Today, I am here to give you an update on how my time as a freelance composer has been so far. I will also give some advice to those who are about to dive into the world outside of the comfortable academic circle.

I jumped out of the academic lifestyle last May when I graduated with a masters degree in music composition at Michigan State University. At the beginning, I managed to work on three composition projects: euphonium sonata with piano, clarinet/percussion duo, and a grade IV band piece (eventually adding a project for percussion trio in December). While this was all exciting and fun, life quickly became quite stressful and unsatisfying. Although I was no longer bound to the assignments/projects that was required in school, I had to find a way to manage my schedule so I could compose effectively while working for my Dad and teaching at Jackson College. This resulted in me being very exhausted, making my projects much slower in the composition process. I even had to postpone a project because of how overwhelmed I was. In addition, I was also applying for graduate school for DMA studies and summer festivals.

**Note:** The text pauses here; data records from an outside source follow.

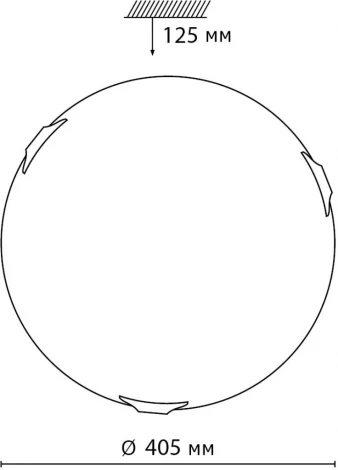 Настенно-потолочный светильник Sonex Lufe 7601/DL SNOK SN стекло/белое/хром LED 48Вт 4000K D405 IP20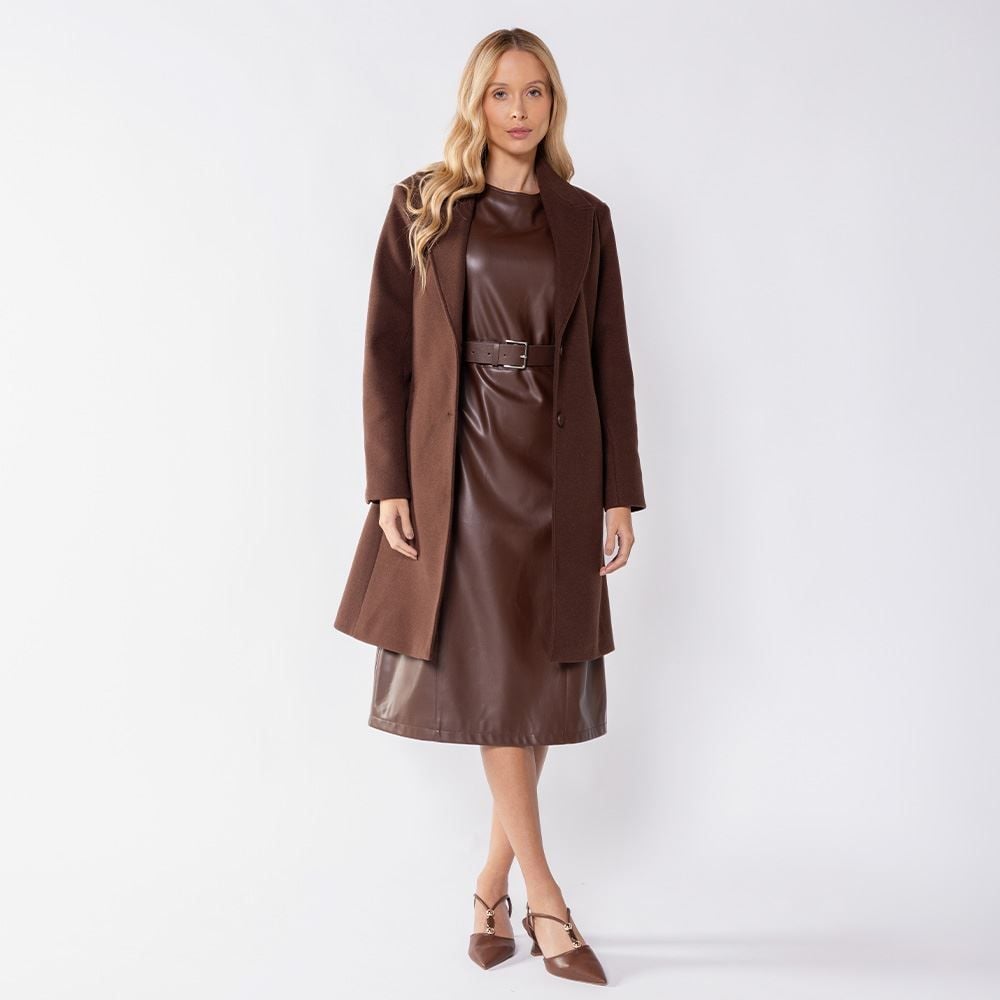 Casaco Sobretudo Feminino De Lã Patricia Foster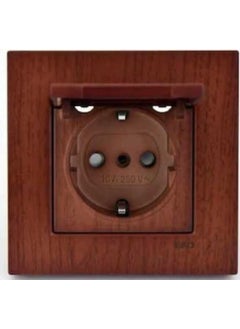 Viko Artline Novella Cherry Cover Grounded Socket with Frame 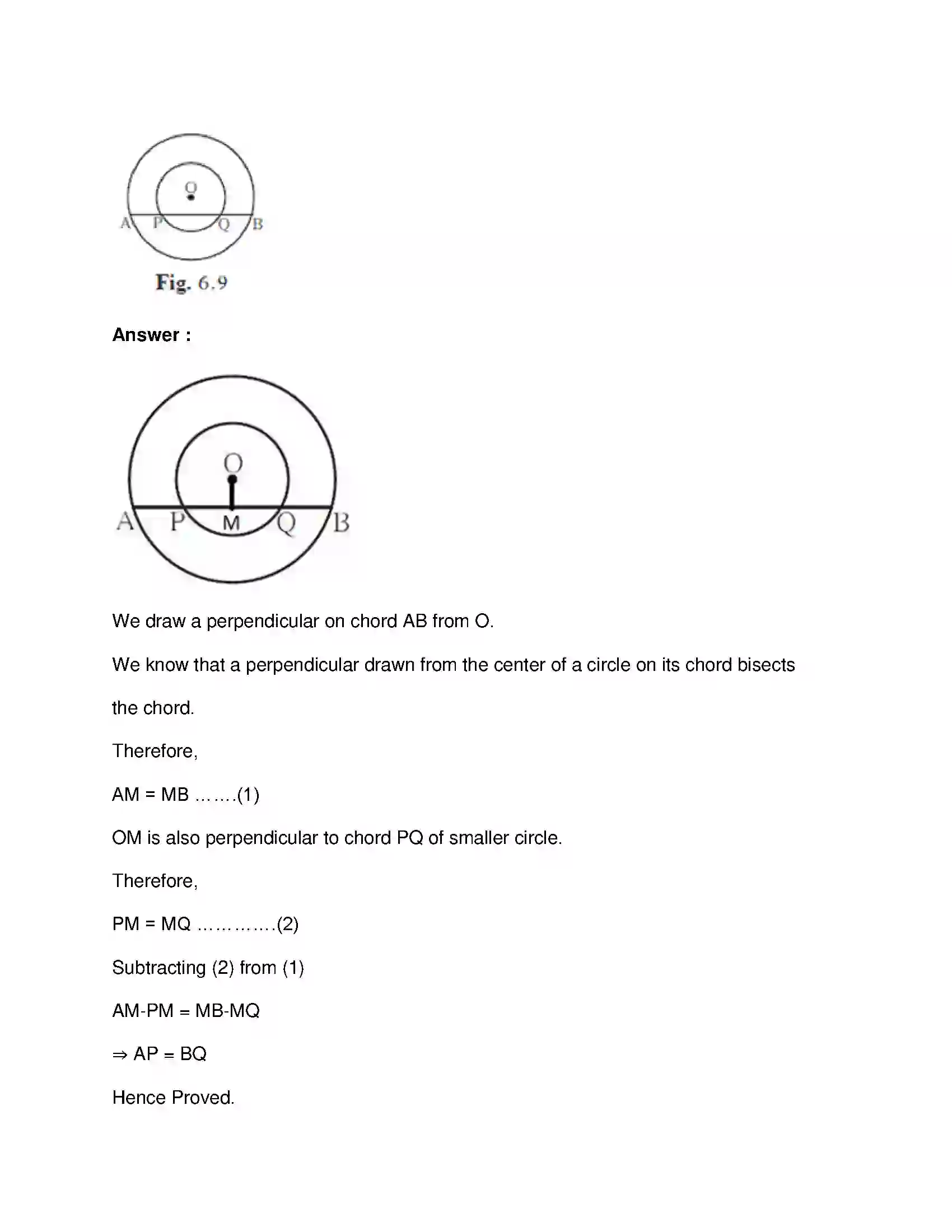 Maharashtra Board Class 9th Mathematics Part-II - English Medium Circles Solution 5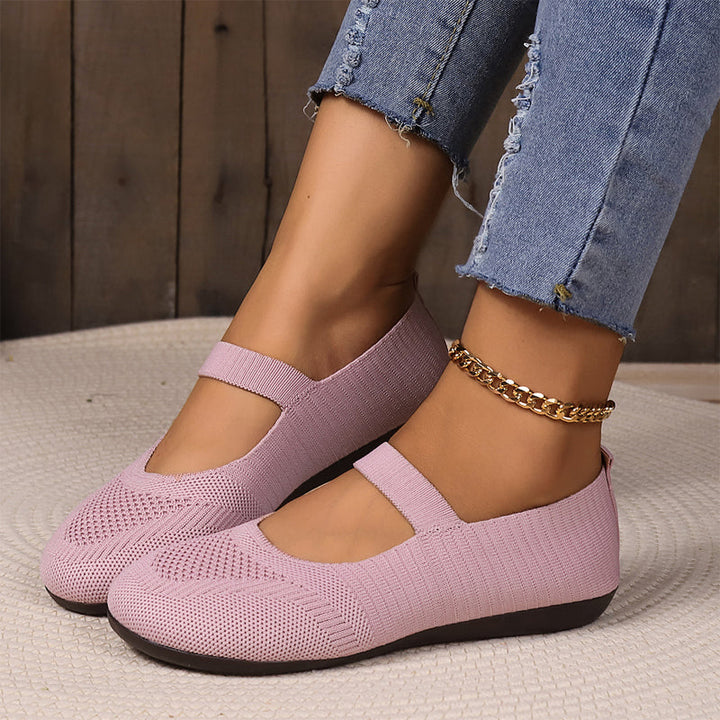 Lola - Breathable Knit Ballet Flats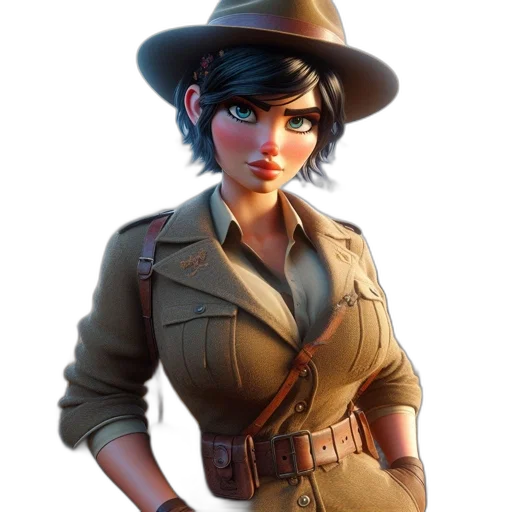 hat, staff, jacket, weapon transparent PNG cut-out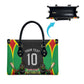 Personalized St Kitts And Nevis Patriots Leather Bag Caribbean Cricket Player Graphic Art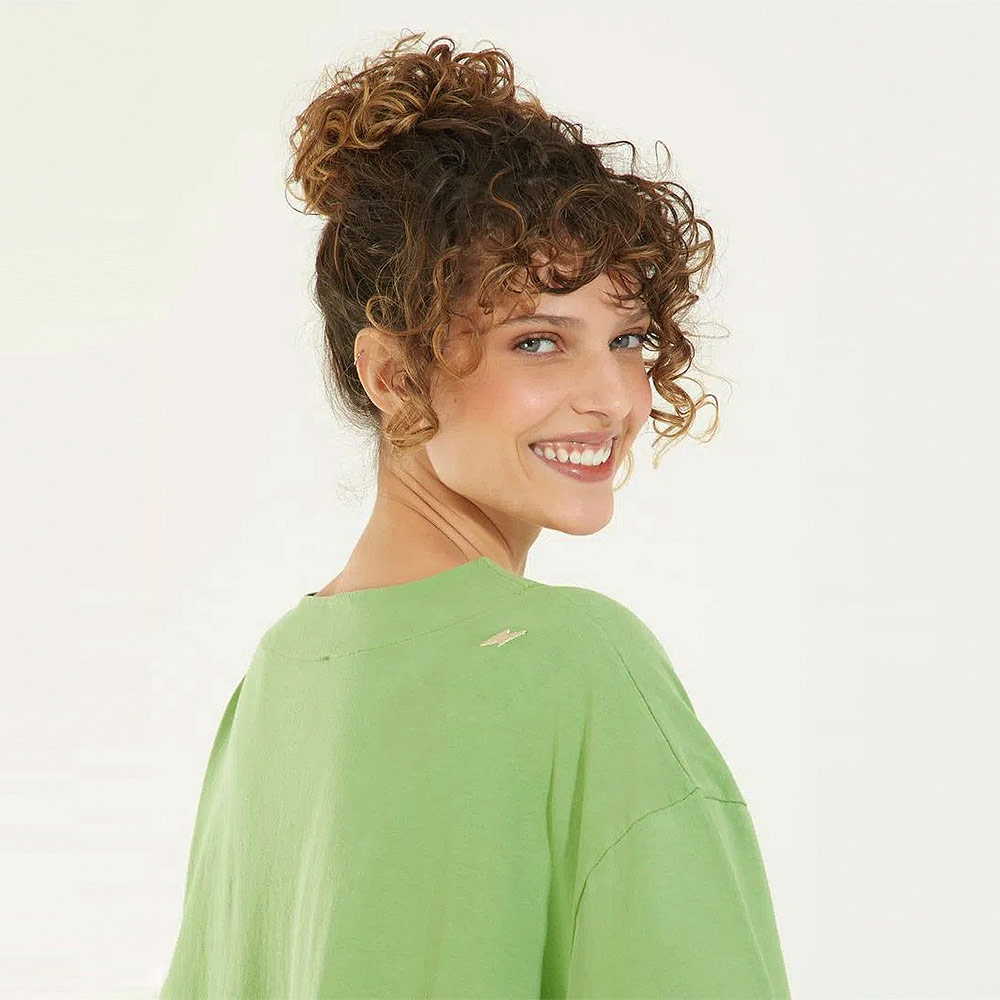 Vestido Curto Basic Verde Canto  - Foto 2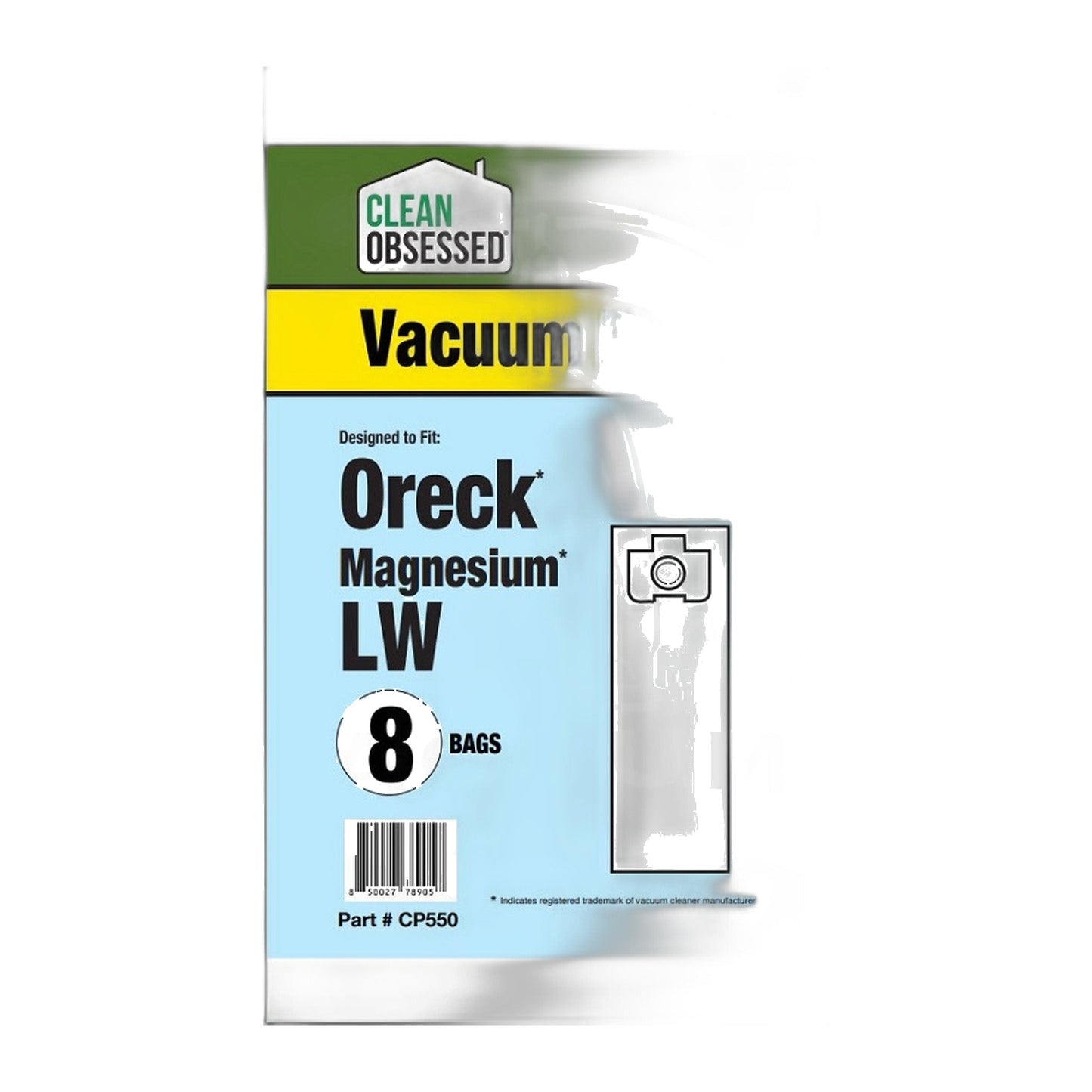 Clean Obsessed Oreck Type LW Magnesium Micro Paper Bags 8-Pack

As time went on, things started to look up for me little by little. I have been able to write more and more music for some of my projects. I completed two composition interviews at the University of Michigan-Ann Arbor, which I felt quite content with, as well as feeling extremely excited about their composition program! I am teaching at Jackson College with a booming roster of 29 students (slightly more than double my class size last semester!) Throughout this school year, I have been able to travel around the country to meet some of the finest composers for advice on my portfolio as well as my path as a composer. More recently, I have been selected as 1 of 16 composers to study abroad in Croatia for two weeks. So while my experience so far has been mixed, I am truly enjoying my experience as a freelance composer!

Now, for the excited emerging composer/performer/theorist/whatever your “weapon of choice” is, I will give you some useful advice that I have used and learned from many people who have also experienced this moment. Credit for advice goes to Ricardo Lorenz, Carter Pann, David Maslanka, my Dad, and other articles that I have found online.

1. Always be driven to compose music. Many composers have made this suggestion to me and I will do the same for you. No matter what you have on your to-do list, always make sure you are creating music in some way, shape, or form. Even if there are no deadlines/goals, make a goal, make a deadline. It will help you push further and give you some excitement for more projects as well as maintaining the habit of writing.

2. Build and keep up connections/networking. This was a difficult step for me since I have always been a shy person. The key point is to think of everyone as equals. Every composer, from a Michael Goodman to a John Adams, is a human being. We might think highly of Adams, but to the public, he is nothing more than a person. As long as you have that type of mindset, you will have no problem approaching composers and performers unless they are trying to ignore you.

3. Collaborate through symbiotic collaboration. Ricardo Lorenz taught our composition seminar last spring about the process of symbiotic collaboration, which in my opinion should be the new standard of collaborations and commissions. Although I can not go on a large-scale explanation on the concept of symbiotic collaboration, I will say that through this process, you will not only write a piece, but you will learn a lot about a specific instrument/voice, the strengths/weaknesses of a particular musician and most importantly learn about each other. I composed Dialectics with Genevieve Beaulieu and we both loved the collaboration! Do this as much as possible! You will not regret it! (More information on symbiotic collaboration.) Link by Tom Childs.

4. Expect more failures than successes. This step has been and will always be an issue for me, since I consider myself to be a perfectionist. When it comes to jobs, competitions, commissions, graduate school, the chances of succeeding are lower than what we expect. When you are denied a job or a college, it is not an indicator that you are a horrible musician, but rather it either did not meet the panel’s interest or there was not enough room to add anymore people to a studio. Such a frustrating process. Instead of hiding in a corner and moping about your failures, take a look at the failed goal, look at it with glaring eyes and fight back. Failures will help you become determined since you will have something to prove to others the next time you apply.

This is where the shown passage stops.